- **What you are asked to do**
Go to the line in the entries below that holds "Militaria: REVOLVER E. LEFAUCHEUX. - Foto 8" and repeat exactly from there through the line that holds "Lookbook (W) Crocs", inclusive.

Stored data entries
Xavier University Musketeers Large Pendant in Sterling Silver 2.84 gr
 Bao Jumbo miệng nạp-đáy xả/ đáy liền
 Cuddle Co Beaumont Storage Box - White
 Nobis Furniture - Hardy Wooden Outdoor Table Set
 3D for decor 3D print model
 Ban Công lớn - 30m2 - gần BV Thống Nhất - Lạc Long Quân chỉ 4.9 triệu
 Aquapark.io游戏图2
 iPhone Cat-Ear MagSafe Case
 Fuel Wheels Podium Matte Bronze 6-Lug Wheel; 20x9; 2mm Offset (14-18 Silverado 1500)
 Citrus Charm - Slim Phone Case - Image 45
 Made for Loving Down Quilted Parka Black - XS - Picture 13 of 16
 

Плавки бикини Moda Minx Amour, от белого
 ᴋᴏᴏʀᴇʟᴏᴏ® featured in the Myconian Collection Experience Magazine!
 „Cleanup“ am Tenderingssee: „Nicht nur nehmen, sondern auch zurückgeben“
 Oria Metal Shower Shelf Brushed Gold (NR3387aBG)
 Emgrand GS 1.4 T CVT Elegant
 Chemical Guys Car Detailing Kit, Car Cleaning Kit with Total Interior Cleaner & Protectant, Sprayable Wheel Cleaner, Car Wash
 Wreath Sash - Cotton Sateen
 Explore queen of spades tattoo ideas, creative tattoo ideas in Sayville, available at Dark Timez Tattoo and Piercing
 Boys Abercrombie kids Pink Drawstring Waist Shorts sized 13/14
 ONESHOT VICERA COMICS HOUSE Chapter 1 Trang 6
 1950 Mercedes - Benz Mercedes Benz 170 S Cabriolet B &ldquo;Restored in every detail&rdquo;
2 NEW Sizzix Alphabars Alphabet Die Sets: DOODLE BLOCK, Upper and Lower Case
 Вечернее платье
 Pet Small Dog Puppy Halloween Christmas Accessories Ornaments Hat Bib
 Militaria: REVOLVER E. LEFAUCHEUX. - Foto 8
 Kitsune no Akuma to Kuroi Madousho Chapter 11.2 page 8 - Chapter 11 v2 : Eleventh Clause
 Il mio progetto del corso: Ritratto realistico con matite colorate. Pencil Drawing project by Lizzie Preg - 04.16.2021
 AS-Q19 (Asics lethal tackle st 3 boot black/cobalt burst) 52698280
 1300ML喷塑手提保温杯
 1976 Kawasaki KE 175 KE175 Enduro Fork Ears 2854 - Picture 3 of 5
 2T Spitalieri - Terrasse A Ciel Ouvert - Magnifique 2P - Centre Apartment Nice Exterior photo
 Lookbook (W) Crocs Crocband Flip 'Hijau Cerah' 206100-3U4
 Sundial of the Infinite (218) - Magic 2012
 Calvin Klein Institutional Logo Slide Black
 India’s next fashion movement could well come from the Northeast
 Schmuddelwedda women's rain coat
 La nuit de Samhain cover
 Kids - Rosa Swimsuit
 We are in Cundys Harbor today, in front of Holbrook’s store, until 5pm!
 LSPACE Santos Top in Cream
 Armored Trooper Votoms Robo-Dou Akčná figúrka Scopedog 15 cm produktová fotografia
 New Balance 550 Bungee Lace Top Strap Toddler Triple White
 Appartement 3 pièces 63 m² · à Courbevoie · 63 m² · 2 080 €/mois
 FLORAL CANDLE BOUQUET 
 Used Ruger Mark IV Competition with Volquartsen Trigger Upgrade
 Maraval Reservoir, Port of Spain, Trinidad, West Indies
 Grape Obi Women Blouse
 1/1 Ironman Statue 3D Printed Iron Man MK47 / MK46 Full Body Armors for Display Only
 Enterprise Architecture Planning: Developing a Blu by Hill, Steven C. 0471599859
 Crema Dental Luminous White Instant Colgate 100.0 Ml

- **Result of this exercise**
 Militaria: REVOLVER E. LEFAUCHEUX. - Foto 8
 Kitsune no Akuma to Kuroi Madousho Chapter 11.2 page 8 - Chapter 11 v2 : Eleventh Clause
 Il mio progetto del corso: Ritratto realistico con matite colorate. Pencil Drawing project by Lizzie Preg - 04.16.2021
 AS-Q19 (Asics lethal tackle st 3 boot black/cobalt burst) 52698280
 1300ML喷塑手提保温杯
 1976 Kawasaki KE 175 KE175 Enduro Fork Ears 2854 - Picture 3 of 5
 2T Spitalieri - Terrasse A Ciel Ouvert - Magnifique 2P - Centre Apartment Nice Exterior photo
 Lookbook (W) Crocs Crocband Flip 'Hijau Cerah' 206100-3U4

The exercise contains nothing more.